Two Takes: A Hard Look at Anti-Quarantine Protestors

Alan Mathew and Sophia Cortes

To say that we are living in stressful times is an understatement, and the current Covid-19 crisis sweeping the US has further created an atmosphere of tension and separation. In response to various states extending lockdowns and enforcing stricter social distancing measures, many citizens have taken to the streets to protest the extension of this seemingly never ending quarantine. To rush to the conclusion that all protestors are ignorant people who don’t know how to stay inside would mean glossing over the extremely valid fear of not being able to provide for their families or themselves. With more than 3.8 million US citizens already filed for unemployment since the outbreak started, it’s no wonder people are taking up signs and going to state capitals demanding malls and stores to reopen. People are restless, scared, and unsure about what the future may hold. 

  But the issue here lies with the fact that many of the protestors don’t seem to realize that their actions could very well be more of a reason for lockdowns and quarantines to keep going for more months than expected. According to the CDC more than one million people in the US have confirmed cases of Covid-19, and this is just what they have been able to document. There is still a heavy shortage of testing possible cases of the virus in many states, leaving many to rightfully believe that the true number of cases is still unknown. This puts the responsibility on us for keeping not only ourselves safe, but our families as well. Those protesting must realize that they are putting themselves at a high risk for going out and protesting, but it also isn’t their fault for being reasonably angry for how poorly the US government has handled this crisis. There isn’t a “right” answer for this situation, there’s only what’s best for yourself and those around you. 

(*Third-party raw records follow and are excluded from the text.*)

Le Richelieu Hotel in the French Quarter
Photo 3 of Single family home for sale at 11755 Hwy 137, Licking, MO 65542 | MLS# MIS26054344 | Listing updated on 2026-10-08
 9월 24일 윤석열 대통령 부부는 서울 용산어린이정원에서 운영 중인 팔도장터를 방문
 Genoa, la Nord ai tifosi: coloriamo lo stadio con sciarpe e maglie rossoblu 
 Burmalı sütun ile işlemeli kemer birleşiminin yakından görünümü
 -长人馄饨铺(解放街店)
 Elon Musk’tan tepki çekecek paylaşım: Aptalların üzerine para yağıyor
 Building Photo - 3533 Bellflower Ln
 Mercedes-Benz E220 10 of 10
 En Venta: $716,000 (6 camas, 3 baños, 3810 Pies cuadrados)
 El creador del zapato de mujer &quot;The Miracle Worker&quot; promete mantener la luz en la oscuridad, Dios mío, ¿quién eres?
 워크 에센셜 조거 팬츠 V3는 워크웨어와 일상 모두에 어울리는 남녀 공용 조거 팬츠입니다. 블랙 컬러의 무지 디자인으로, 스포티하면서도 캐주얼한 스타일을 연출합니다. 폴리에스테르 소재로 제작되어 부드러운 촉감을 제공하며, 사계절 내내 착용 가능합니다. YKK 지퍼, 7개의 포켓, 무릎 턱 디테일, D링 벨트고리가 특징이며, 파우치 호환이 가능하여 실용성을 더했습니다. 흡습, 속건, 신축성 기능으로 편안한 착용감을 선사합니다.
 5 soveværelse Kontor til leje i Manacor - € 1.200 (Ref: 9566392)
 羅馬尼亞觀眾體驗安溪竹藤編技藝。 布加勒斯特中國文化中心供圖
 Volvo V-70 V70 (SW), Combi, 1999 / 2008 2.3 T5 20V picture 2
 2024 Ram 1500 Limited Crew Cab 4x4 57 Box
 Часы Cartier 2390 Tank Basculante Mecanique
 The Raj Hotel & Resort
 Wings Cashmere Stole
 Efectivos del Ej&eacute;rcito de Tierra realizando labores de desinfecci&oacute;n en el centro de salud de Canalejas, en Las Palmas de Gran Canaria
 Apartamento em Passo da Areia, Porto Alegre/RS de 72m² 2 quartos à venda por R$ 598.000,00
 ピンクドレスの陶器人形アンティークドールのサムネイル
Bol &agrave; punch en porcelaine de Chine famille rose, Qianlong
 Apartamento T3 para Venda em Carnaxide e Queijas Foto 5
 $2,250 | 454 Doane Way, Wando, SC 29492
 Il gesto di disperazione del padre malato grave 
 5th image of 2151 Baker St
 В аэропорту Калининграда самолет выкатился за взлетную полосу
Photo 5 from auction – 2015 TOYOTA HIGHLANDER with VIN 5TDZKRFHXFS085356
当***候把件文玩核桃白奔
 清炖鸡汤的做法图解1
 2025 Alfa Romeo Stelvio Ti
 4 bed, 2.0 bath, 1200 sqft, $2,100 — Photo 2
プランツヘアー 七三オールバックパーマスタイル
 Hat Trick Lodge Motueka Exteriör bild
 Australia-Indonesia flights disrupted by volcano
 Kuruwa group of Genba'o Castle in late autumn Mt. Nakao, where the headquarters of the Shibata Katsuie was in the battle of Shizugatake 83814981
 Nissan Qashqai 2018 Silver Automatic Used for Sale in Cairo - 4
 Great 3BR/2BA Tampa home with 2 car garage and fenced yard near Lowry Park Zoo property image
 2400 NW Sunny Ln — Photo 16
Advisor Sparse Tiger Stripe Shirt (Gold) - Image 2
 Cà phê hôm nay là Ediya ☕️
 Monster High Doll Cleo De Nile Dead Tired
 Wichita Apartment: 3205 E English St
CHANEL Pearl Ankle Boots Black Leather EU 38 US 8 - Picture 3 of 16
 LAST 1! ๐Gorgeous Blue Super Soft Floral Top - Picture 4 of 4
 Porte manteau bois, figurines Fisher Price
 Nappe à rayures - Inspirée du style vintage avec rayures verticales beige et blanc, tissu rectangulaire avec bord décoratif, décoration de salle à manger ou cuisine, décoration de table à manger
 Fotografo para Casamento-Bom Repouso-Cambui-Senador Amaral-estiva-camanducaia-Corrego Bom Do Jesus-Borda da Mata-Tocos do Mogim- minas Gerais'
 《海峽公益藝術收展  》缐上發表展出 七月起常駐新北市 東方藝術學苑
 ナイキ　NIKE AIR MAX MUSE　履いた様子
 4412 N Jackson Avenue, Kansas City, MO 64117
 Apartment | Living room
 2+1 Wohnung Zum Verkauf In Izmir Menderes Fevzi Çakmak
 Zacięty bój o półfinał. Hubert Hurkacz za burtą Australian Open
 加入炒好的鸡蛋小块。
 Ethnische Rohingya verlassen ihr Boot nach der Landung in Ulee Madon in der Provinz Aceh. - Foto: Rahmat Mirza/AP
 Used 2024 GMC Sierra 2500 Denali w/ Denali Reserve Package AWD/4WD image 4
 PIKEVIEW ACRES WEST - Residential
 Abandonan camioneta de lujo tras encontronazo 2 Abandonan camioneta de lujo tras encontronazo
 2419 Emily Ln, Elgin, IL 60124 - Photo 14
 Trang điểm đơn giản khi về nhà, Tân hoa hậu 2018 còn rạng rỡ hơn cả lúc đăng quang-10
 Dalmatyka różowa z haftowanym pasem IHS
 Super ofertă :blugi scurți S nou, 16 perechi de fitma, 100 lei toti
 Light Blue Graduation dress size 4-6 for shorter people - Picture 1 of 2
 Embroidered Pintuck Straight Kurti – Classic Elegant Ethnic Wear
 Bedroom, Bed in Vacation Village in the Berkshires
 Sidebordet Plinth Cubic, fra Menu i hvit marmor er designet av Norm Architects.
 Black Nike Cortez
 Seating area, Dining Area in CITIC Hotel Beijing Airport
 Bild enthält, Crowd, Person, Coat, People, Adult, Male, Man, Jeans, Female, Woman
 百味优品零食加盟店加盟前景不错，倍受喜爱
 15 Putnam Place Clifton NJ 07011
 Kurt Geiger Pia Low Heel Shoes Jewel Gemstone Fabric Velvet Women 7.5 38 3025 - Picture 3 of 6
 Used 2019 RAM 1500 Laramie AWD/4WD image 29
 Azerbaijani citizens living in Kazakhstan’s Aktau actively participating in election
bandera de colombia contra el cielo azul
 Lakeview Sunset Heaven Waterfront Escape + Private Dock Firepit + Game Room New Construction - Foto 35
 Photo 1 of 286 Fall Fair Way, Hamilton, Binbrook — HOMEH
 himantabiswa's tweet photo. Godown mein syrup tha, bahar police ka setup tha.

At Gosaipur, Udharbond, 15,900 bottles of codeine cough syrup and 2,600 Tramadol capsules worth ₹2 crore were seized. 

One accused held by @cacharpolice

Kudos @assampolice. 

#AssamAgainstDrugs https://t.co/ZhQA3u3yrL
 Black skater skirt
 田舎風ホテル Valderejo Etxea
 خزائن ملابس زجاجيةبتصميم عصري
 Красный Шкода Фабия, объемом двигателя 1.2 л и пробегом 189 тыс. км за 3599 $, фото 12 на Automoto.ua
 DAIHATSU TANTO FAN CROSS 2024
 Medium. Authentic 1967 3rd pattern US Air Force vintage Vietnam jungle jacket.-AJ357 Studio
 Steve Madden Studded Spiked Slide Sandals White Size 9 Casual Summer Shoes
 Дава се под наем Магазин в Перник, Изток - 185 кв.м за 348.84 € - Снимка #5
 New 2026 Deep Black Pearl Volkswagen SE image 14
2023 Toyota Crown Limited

  It’s extremely easy to elevate the importance or scale of certain things depending on how the media presents them. All the same, raindrops don’t always mean storms. Over the past few weeks in America, anti-quarantine protests have been increasingly covered by media outlets from Fox News to CNN. 

  Yet for all the attention they’ve garnered, anti-quarantine protestors, who in some cases appear to be astroturfed, are not by any means the majority. 

  Even on the conserative end of the spectrum, stay-at-home orders, while still raising concerns, are widely accepted and understood. The problem, as WIRED puts it, is that “you can’t exactly ignore people pulling up in pickups to shut down major thoroughfares in capital cities or staring down health care workers still in their scrubs.” 

  Protestors will face a lot of resistance, but it’s still worthwhile to note that not all protestors protest for the same reasons as the loudest voices in the crowd. To paraphrase junior Emily Danzinger, people obviously have the right to be upset, especially when it comes to something as important as feeding their family. 

  Emily, however, can’t also help but see the larger picture. After all, it’s extremely frustrating to see large groups of people gathering for such a purpose when the gatherings themselves are a part of the very problem. Most protesters, I’d argue, feel the same exact things we do right now. The important thing to remember is that, for the most part, protesters aren’t the enemy— bad tactics and frustration are.